*Data:*
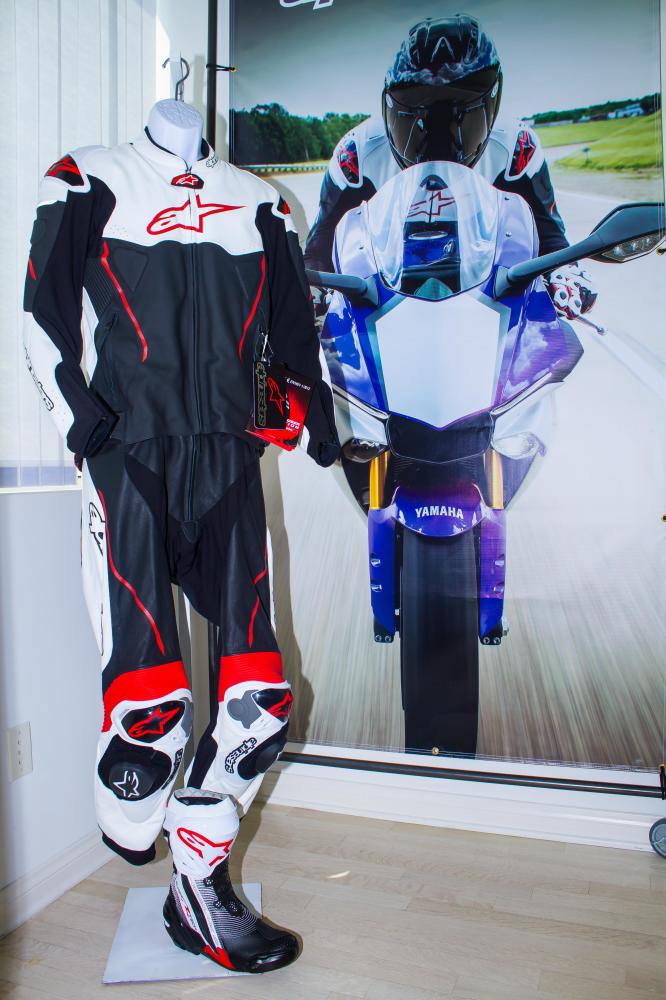 Alpinestars_Intro_-_Racer_X_-_Owens_11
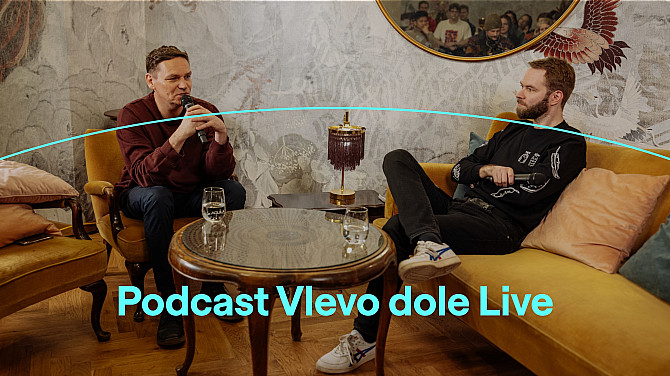 Grafika, na které je fotografie dvou mužů sedících na pohovce a v křesle, vedoucích spolu hovor. Dole je text: Podcast Vlevo dole Live.
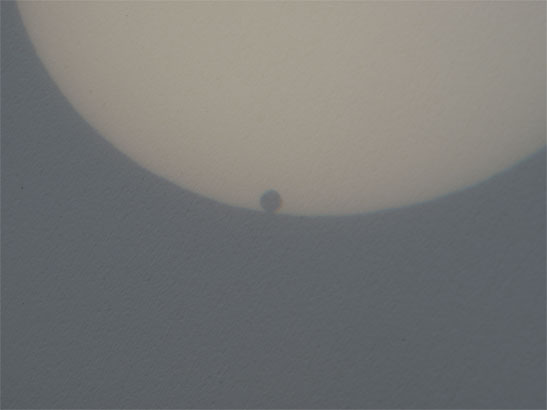 金星太陽面通過 13:30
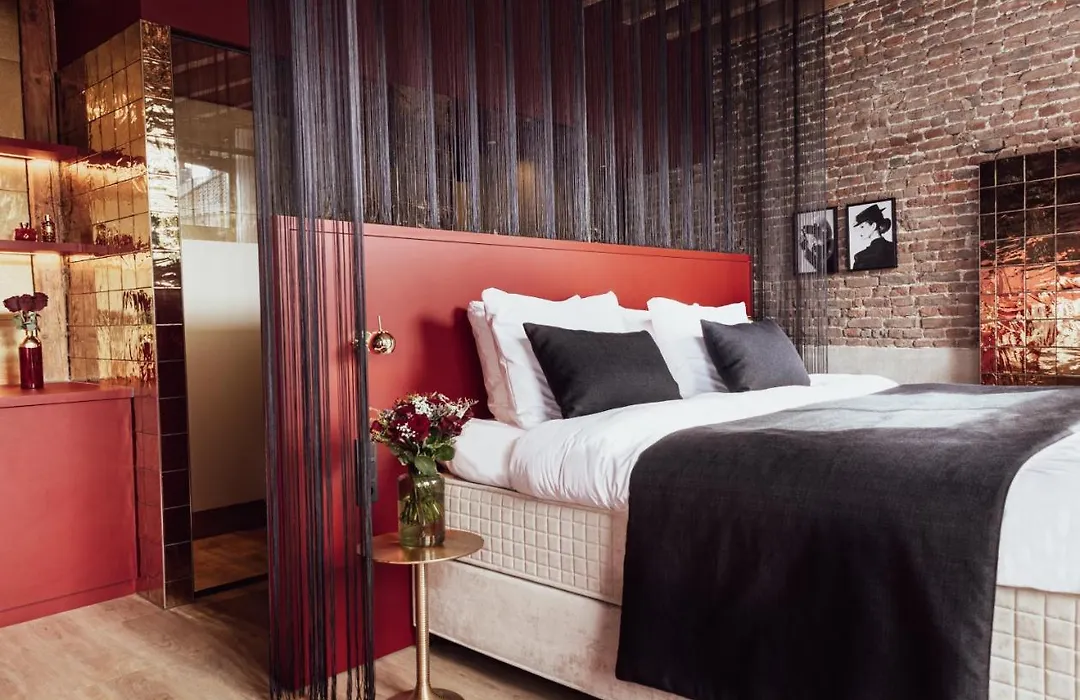 Cousins Boutique Hotel-1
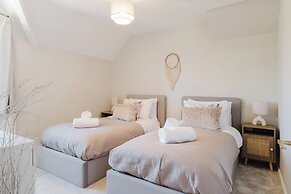 Beautiful 4 BD Home near Woodstock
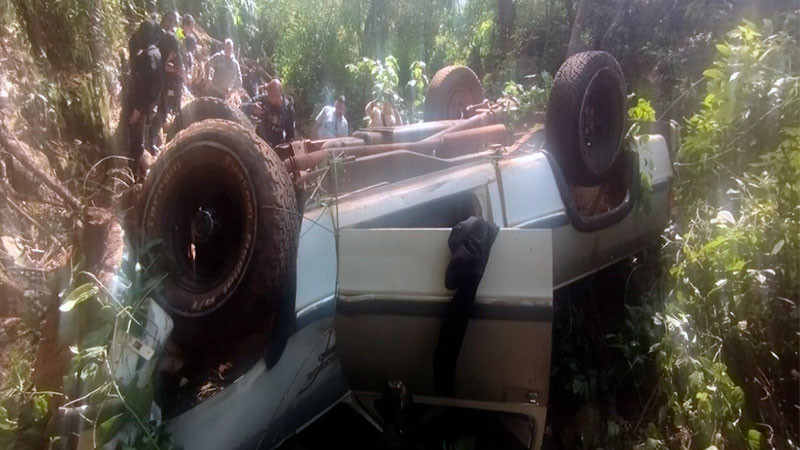 En accidente automovilístico, queda herido joven en Tangamandapio, Michoacán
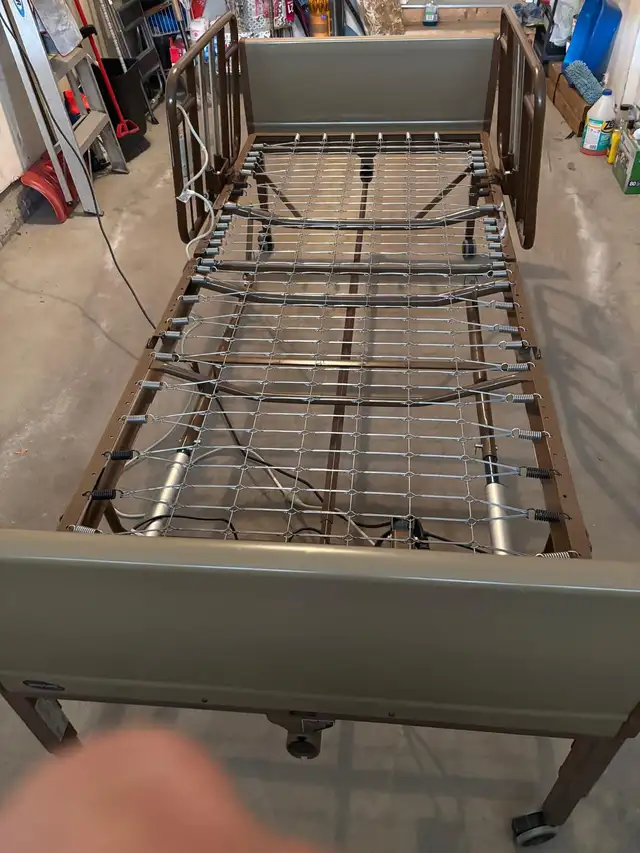 Invacare fully electric Hospital bed with side rails. - Photo 2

*Action item:*
The answer must be the lines of the entries above, written out exactly from the first through the one with "En accidente automovilístico, queda", and no pictures.

*Solution to the problem:*
 Alpinestars_Intro_-_Racer_X_-_Owens_11
 Grafika, na které je fotografie dvou mužů sedících na pohovce a v křesle, vedoucích spolu hovor. Dole je text: Podcast Vlevo dole Live.
 金星太陽面通過 13:30
 Cousins Boutique Hotel-1
 Beautiful 4 BD Home near Woodstock
 En accidente automovilístico, queda herido joven en Tangamandapio, Michoacán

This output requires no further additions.